Ilmu itu ada kalanya berada di hati, di lisan,
dan ada kalanya dalam tulisan tangan. Berarti ilmu mencakup tiga aspek, hati,
lisan dan tulisan. Sedangkan yang di tulisan membuktikan adanya penguasaan pada
kedua aspek lainnya, tetapi tidak sebaliknya. Karena itulah Allah ta’ala berkalam,
اقْرَأْ وَرَبُّكَ الْأَكْرَمُ. الَّذِي عَلَّمَ
بِالْقَلَمِ. عَلَّمَ الْإِنْسَانَ مَا لَمْ يَعْلَمْ.

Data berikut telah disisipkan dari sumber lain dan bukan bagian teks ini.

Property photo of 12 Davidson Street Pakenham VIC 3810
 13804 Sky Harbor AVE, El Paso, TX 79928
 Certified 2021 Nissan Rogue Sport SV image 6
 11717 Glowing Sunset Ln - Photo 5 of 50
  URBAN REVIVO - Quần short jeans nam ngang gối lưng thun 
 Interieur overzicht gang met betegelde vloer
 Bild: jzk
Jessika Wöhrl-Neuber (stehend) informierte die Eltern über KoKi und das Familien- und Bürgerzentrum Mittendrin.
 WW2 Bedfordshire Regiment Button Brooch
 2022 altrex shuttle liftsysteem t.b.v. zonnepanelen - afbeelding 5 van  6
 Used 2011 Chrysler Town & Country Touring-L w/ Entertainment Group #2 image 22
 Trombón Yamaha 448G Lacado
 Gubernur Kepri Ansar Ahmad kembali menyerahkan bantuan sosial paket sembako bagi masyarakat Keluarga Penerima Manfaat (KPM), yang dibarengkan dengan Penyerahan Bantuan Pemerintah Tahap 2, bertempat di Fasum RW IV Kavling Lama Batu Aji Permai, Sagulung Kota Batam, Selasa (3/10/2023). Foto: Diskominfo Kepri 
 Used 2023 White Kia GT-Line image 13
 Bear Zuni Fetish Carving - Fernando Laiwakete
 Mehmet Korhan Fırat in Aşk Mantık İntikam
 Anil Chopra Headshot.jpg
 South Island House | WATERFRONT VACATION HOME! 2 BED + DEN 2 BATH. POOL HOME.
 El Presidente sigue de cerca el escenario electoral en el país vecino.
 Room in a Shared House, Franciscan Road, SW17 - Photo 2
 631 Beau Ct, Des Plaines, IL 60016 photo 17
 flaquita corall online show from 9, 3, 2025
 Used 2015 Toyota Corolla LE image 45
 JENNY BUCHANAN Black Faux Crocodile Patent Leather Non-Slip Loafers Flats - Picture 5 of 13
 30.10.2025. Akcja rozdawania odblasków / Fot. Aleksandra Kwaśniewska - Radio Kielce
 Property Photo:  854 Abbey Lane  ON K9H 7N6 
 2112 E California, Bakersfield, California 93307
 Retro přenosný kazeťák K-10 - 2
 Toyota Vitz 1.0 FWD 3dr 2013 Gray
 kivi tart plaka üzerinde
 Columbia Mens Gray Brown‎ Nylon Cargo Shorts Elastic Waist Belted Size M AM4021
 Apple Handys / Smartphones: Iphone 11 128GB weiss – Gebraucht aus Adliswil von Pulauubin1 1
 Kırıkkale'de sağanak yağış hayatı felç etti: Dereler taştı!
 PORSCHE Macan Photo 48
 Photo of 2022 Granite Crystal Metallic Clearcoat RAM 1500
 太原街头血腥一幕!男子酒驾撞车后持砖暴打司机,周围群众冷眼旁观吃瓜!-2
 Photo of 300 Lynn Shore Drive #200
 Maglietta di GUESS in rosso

“Bacalah, dan Rabb-mu yang Maha pemurah. Yang mengajar
(manusia) dengan perantara kalam. Dia mengajar kepada manusia apa yang tidk
diketahuinya”. (QS Al-‘Alaq (96) : 3-5) (Ibnu Katsir, 4/ 437)
Perintah
qiro’ah (membaca) yang dimaksud adalah tilawah (melantunkan) wahyu
yang Allah turunkan, lalu memperhatikan misi agung yang Allah taruh di Pundak
Nabi Muhammad Saw. Serta agar Allah swt senantiasa ada dalam fikiran seorang
hamba, dan senantiasa ingat Allah dalam berbagai urusan.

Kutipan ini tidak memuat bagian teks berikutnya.